In the lead up to last weeks Chromacon event in Auckland online magazine Vanguardred conducted some Q and A's with featured exhibitors. Visit the site archives for the all of them, here's a few, Toby Morris, Sophie Oiseau, Matt Emery, Jesca Marisa, and Michel Mulipola.


From last weekend's Chromacon in Auckland, Two elder statesmen of New Zealand comics, Tim Bollinger and Barry Linton.


 Paper Trail masthead courtesy of Toby Morris.

Friday, April 6, 2012

Tim Bollinger Interview Part Two of Three

 Tim Bollinger with partner Jo and standee of his character Little Eye.
Photo taken at Pacific French Language Comics Festival in New Caledonia 2008.

Were you ever interested in mainstream American comics or undergrounds?
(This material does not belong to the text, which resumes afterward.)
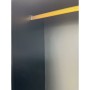 Armadio DKD Home Decor 85,5 x 50,5 x 186,2 cm Abete Nero Legno MDF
Are there any contemporary comics you appreciate?

Most mainstream American comics never interested me particularly. Although back in the day apart from in the 60's Tintin and then in the 70's Asterix, the only comics you ever saw that weren't British were American mainstream comics. And I connected more easily with American comics than British ones. I really enjoyed all the Disney comics and Hot Stuff, Casper, Ritchie Rich etc...We had a comic box at school that was brought out at lunchtime on rainy days. I also really enjoyed the little Signet and Fawcett Crest 'Peanuts' collections.

I was never into the American superhero comics particularly. Although when I was about 6 or 7, I saw the Batman movie at the pictures (just once, and long before the TV series was ever played on New Zealand television, which wasn't til the 70s sometime), and that made a huge impression on me - especially Batman and Robin sliding down the bat pole and magically emerging in costume inside the bat cave, and jumping into the bat car, the Penguin submarine, the Riddler's riddles, Catwoman ...etc..etc..

Attitude Problem #2 (1995)

But superhero comics weren't something I got into much. It may have been because my parents were of a Left wing leaning, and I realise now that the whole notion of 'Supermen' in American comics was considered fascist ideology for many on the Left back then. Same with war comics, although I saw the British War Picture Library comics around they didn't really interest me.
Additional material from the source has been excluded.